Microdevices, such as integrated microcircuits and microelectromechanical systems (MEMS), are used in a variety of products, from automobiles to microwaves to personal computers. Designing and fabricating microdevices typically involves many steps, known as a “design flow.” The particular steps of a design flow often are dependent upon the type of microcircuit, its complexity, the design team, and the microdevice fabricator or foundry that will manufacture the microcircuit. Typically, software and hardware “tools” verify the design at various stages of the design flow by running software simulators and/or hardware emulators, and errors in the design are corrected or the design is otherwise improved.
Several steps are common to most design flows for integrated microcircuits. Initially, the specification for a new circuit is transformed into a logical design, sometimes referred to as a register transfer level (RTL) description of the circuit. The logic of the circuit is then analyzed, to confirm that it will accurately perform the functions desired for the circuit. This analysis is sometimes referred to as “functional verification.” After the accuracy of the logical design is confirmed, it is converted into a device design by synthesis software. The device design, which is typically in the form of a schematic or netlist, describes the specific electronic devices (such as transistors, resistors, and capacitors) that will be used in the circuit, along with their interconnections. Preliminary timing estimates for portions of the circuit may be made at this stage, using an assumed characteristic speed for each device. In addition, the relationships between the electronic devices are analyzed, to confirm that the circuit described by the device design will correctly perform the desired functions. This analysis is sometimes referred to as “formal verification.”
Once the relationships between circuit devices have been established, the design is again transformed, this time into a physical design that describes specific geometric elements and their interconnections. This type of design often is referred to as a “layout” design. Typically, a designer will perform a number of analyses on the layout design data. For example, with integrated circuits, a designer may analyze the layout design to confirm that it accurately represents the circuit devices and their relationships as described in the device design. A design also may analyze the layout design to confirm that it complies with various design requirements or recommendations, such as the use of minimum spacings between geometric elements or one or more resolution enhancement technique (RET) processes. After the layout design has been finalized, it is converted into a format that can be employed by a mask or reticle writing tool to create a mask or reticle for use in a photolithographic manufacturing process.

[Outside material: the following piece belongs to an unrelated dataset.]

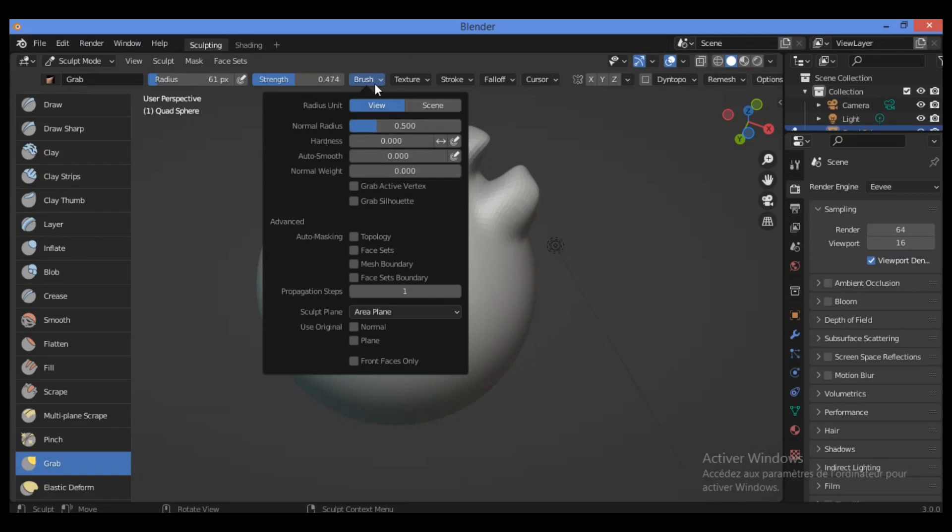So let's click on the brush to do some settings for this brush. We have the grab active vertex over here, and also grab silhouette.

The written masks or reticles then can be used in a photolithographic process to expose selected areas of a wafer to light or other radiation in order to produce the desired integrated microdevice structures on the wafer.
While a variety of electronic design automation tools are required to create a modern microdevice, it is often difficult for a designer to select any particular electronic design automation tool for use. Many electronic design automation tools are relatively expensive. A single licensed copy or “seat” of a layout design verification tool, for example, may cost more than the salary for several design engineers. Along with its expense, a designer must consider the suitability of a particular electronic design automation tool for its intended purpose. For example, a particular formal verification tool may be capable of identifying faults in a given circuit that other, seemingly equivalent, formal verification tools will miss. In some instances, a designer may identify an electronic design automation tool that is suitable for addressing a specific problem, but the problem may not occur often enough to justify the expense of that particular electronic design automation tool.
Accordingly, a designer or manufacturer will try to thoroughly evaluate an electronic design automation tool before its purchase. This type of evaluation is not trivial, however. Because of the value of electronic design automation tools and the risk of copying, some electronic design automation tool vendors are reluctant to provide tools for unrestricted evaluation at a customer's work site. Similarly, many customers are reluctant to evaluate confidential and proprietary designs at a vendor's work site, which may be accessible to competitors.
Even after a designer or manufacturer has purchased an electronic design automation tool, its complexity may make training for the tool difficult. For example, an electronic design automation tool vendor may need to spend several days teaching a design engineer how to use a particular electronic design automation tool. Teaching several design engineers in disparate locations thus may require a substantial investment of time and teaching resources. Even if all of the engineers are taught simultaneously using teleconferencing equipment, their computers must be similarly configured at each of the different locations.